The 62 projects fall under the National Infrastructure Plan and have been gazetted as Strategic Integrated Projects (SIPS) under the Infrastructure Development Act. This classification allows the implementation of the projects to be expedited.


Investing in economic potential

The National Infrastructure Plan (NIP) falls under the government’s Economic Reconstruction and Recovery Plan (ERRP).

The ERRP aims to build a new economy and unleash South Africa’s economic potential by focusing on four broad interventions – infrastructure investment, energy generation, employment stimulus and the industrialisation of the South African manufacturing sector.

The ERRP has the potential to create more than 800 000 jobs and unlock more than R1 trillion in infrastructure investment over the next four years, says President Cyril Ramaphosa.

“Infrastructure has immense potential to stimulate investment and growth, to develop other economic sectors and create sustainable employment both directly and indirectly.
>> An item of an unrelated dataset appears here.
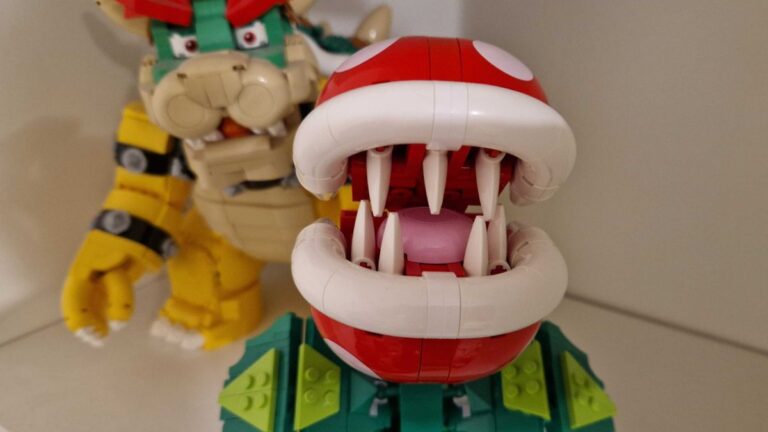 One of my favorite Lego sets, the Piranha Plant, returns to a record low price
We have developed a robust pipeline of projects that will completely transform the landscape of our cities, towns and rural areas,” President Ramaphosa says.
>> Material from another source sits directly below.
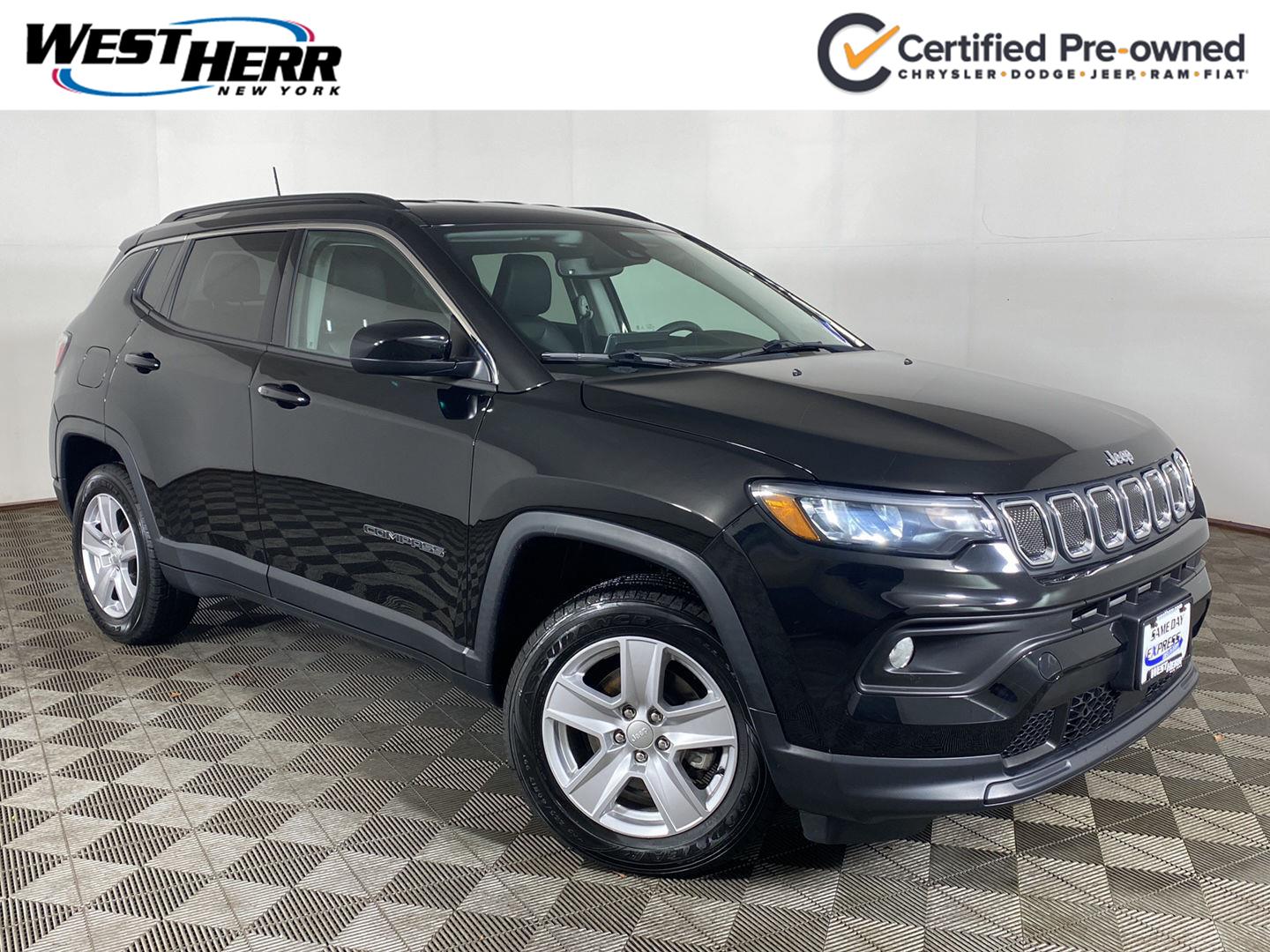 Diamond Black Crystal Pearlcoa 2022 Jeep Compass SUV / Crossover Four-Wheel Drive 9-Speed Automatic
To facilitate the ease of implementing these projects, the government has established Infrastructure South Africa (ISA) and the Infrastructure Fund with the capacity to prepare and package projects. Fast-tracking the implementation process for the 62 projects will enable around R340 billion in new investment.
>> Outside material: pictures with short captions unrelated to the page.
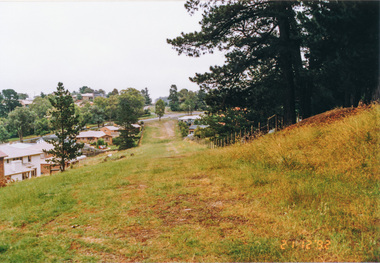 Photograph, Metropolitan Water pipe track looking west near The Esplanade, Research, 21 December 1992, 21/12/1992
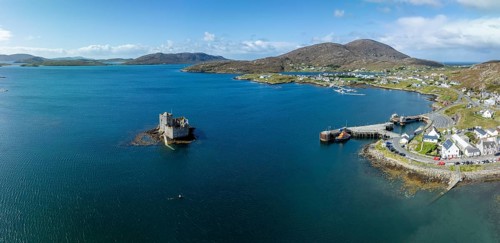 Kisimul Castle, castle ruins in the harbour area, drone shot, Castlebay, Isle of Barra, Hebrides,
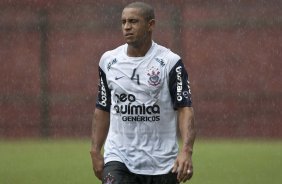 Roberto Carlos durante o treino do Corinthians realizado esta manh no Parque So Jorge, zona leste da cidade; o prximo jogo do time ser dia amanh, 07/03, domingo, contra o So Caetano, na Arena Barueri, em Barueri, pela 13 rodada do Campeonato Paulista 2010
Public Works and Infrastructure Minister Patricia de Lille estimates that addressing and maintaining South Africa’s public infrastructure through the 62 SIPs could cost around R6 trillion.

“Ultimately, infrastructure can be funded only by two sources: government and the private sector, with the government’s contribution from taxes and user payments. While finance can be raised from multiple sources, its availability and cost depend on the reliability of funding plans to service and ultimately repay any finance,” explains Minister De Lille.

Many of the projects are already under construction, providing much-needed jobs and helping to revive the struggling construction sector, Minister De Lille said.

The projects involve all three spheres of government, state-owned entities and departments. They will see the building of bridges, water systems, road and rail upgrades, student and social housing.

ISA has become the single-entry point for all infrastructure in the country. The ISA coordinates, monitors and raises funding for the SIPS across the country. This is no small among of funding – the government committed R100 billion over ten years to the Infrastructure Fund in 2020.


A coherent plan for SA’s infrastructure future

ISA, headed by Dr Kgosientsho Ramokgopa, has been instrumental in establishing the National Infrastructure Plan 2050. This plan, developed over a period of six months working closely with sector specialists and other stakeholders, ensures a long-term overview of infrastructure with a view to driving economic and social transformation.

Dr Ramokgopa says the NIP 2050 targets the provision of energy, water, transport and digital communications.

“The NDP sets a target that more than 90% of the population should enjoy access to grid-connected or off-grid electricity by 2030. To realise this vision, South Africa’s energy system will be supported by effective policies, institutions, governance systems, regulations and, where appropriate, competitive markets. The NDP envisages a freight transport sector that facilitates domestic and cross-border movement across supply chains to enable industrialisation, diversification and trade and development,” Dr Ramokgopa says.

The NIP 2050 aims to develop a coherent plan for the development of the country’s infrastructure networks and is aligned with the vision of the National Development Plan (NDP) 2030. The NIP’s top priority is to ensure the foundations are in place to achieve the transformation needed for inclusive growth. Infrastructure investment addresses spatial integration, expansion of urban economies and rural development and revitalisation.

Progress can already be measured, says Minister De Lille, in the unbundling of Eskom and the state-owned enterprise’s commitment to transition to clean energy generation.

In addition, Transnet is the process of introducing third-party operators into its branch network and main lines and has a series of reforms planned for port services. These are expected to dramatically improve the freight transport services in rail and ports, with the added value of reducing pressure on the roads.

SANRAL has also made significant progress in its road projects around the country, with nine construction projects valued at R18 billion in progress.

“Infrastructure development is critical to attaining South Africa’s long-term economic and social goals. The NIP 2050 will ensure that the foundations for achieving the National Development Plan vision for inclusive growth are supported. The NIP 2050 offers a strategic vision and plan that links top NDP objectives to actionable steps and intermediate outcomes,” said Minister De Lille.